### Problem to solve
Output, word for word, the line that contains "RESIDENCIAL TERRAS DE JUNDIAÍ" and all lines following it to the end of the listing. Drop the pictures.

### Provided information
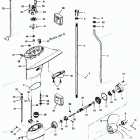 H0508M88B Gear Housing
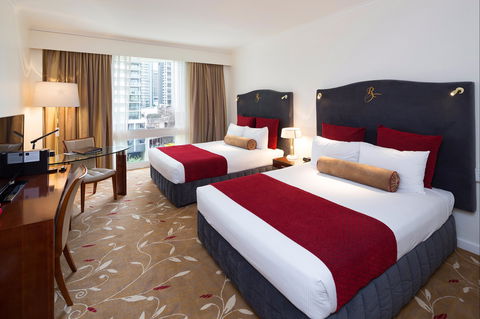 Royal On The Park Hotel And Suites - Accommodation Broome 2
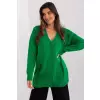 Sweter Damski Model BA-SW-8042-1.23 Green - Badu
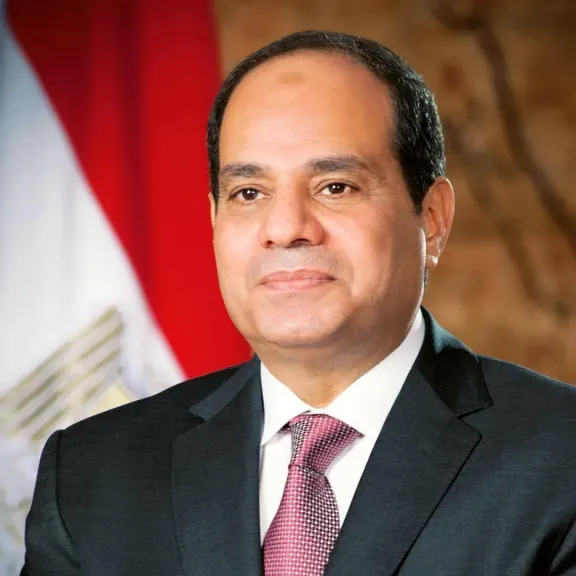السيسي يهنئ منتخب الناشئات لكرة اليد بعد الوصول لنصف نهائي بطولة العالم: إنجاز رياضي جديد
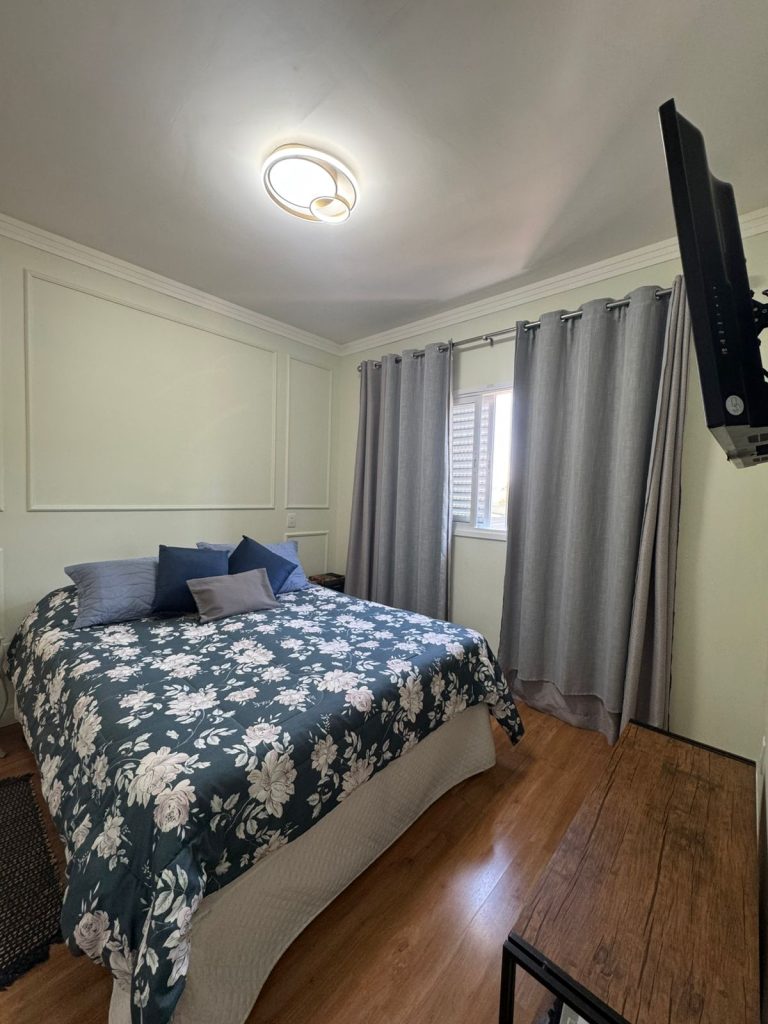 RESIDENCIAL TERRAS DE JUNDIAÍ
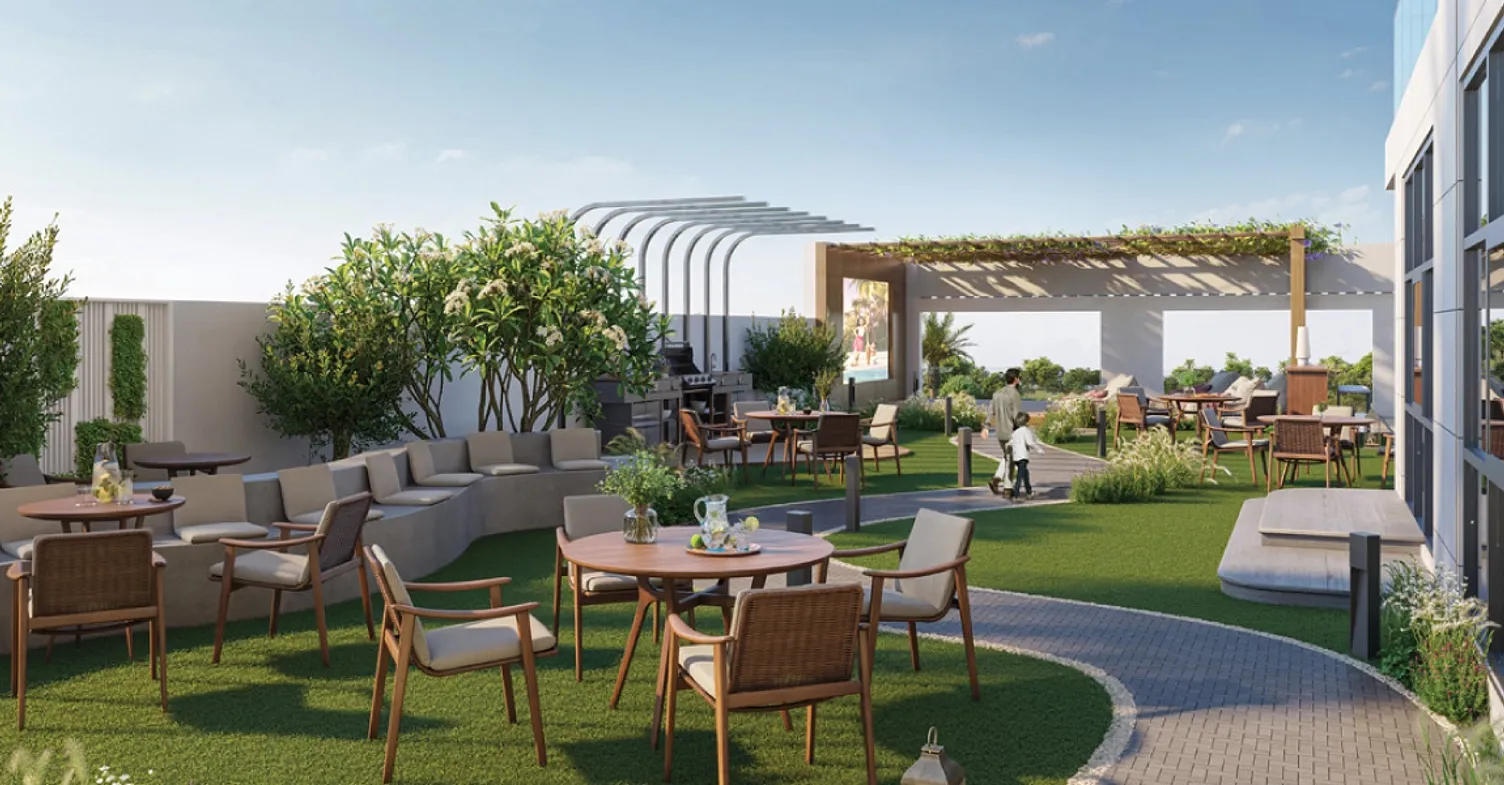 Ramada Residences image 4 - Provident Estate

### Answer space
 RESIDENCIAL TERRAS DE JUNDIAÍ
 Ramada Residences image 4 - Provident Estate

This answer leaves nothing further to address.